Early life and high school
Divinity played quarterback on the freshman team at John Curtis Christian High School. He transferred to John Ehret High School prior to his sophomore year and switched to defense. He helped the team to their first state championship game appearance in 30 years as a senior. Divinity earned All-America honors as a junior and a senior. He was considered to be a five-star prospect that was ranked the nation's No. 6 outside linebacker and the No. 64 prospect overall by 247Sports. Divinity committed to LSU over offers from Alabama, Texas A&M, Michigan, Florida, Texas, and Florida State, among others.

College career
Divinity played as a true freshman in 2016 and made his first start in 2017 against Notre Dame in the Citrus Bowl.
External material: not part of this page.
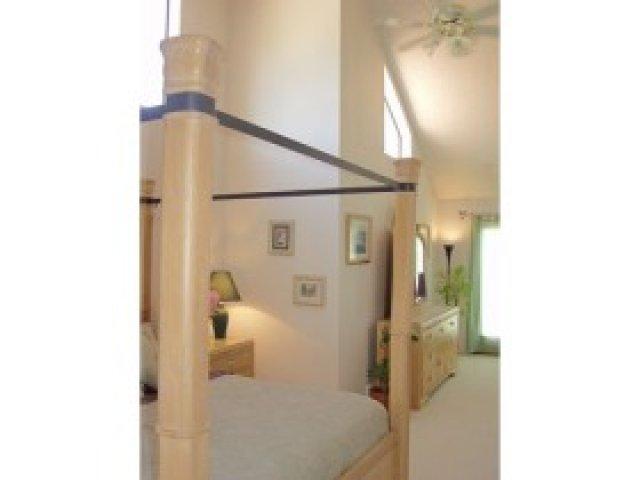 8887 Taft Hill Ct, Sandy, UT 84093 — photo 7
As a junior in 2018, Divinity started 11 of 12 games and finished with 54 tackles including 9.5 tackles for loss, a team-high-tying five sacks, eight quarterback hurries, one interception, one forced fumble and two fumble recoveries. He posted a career-high 10 tackles and a sack in the big win at Texas early in his senior year. However, Divinity served a two-game suspension, missed a game with an injury, and then had a six-game suspension for another violation of team and university rules regarding marijuana use. As a result of the suspensions, he left the team but returned to practice on November 18. He was cleared to play in the National Championship Game. During his senior season, Divinity finished with 23 tackles including four for loss and 3.0 sacks. In his career, he posted 104 tackles (50 solo), nine sacks, two forced fumbles, and an interception.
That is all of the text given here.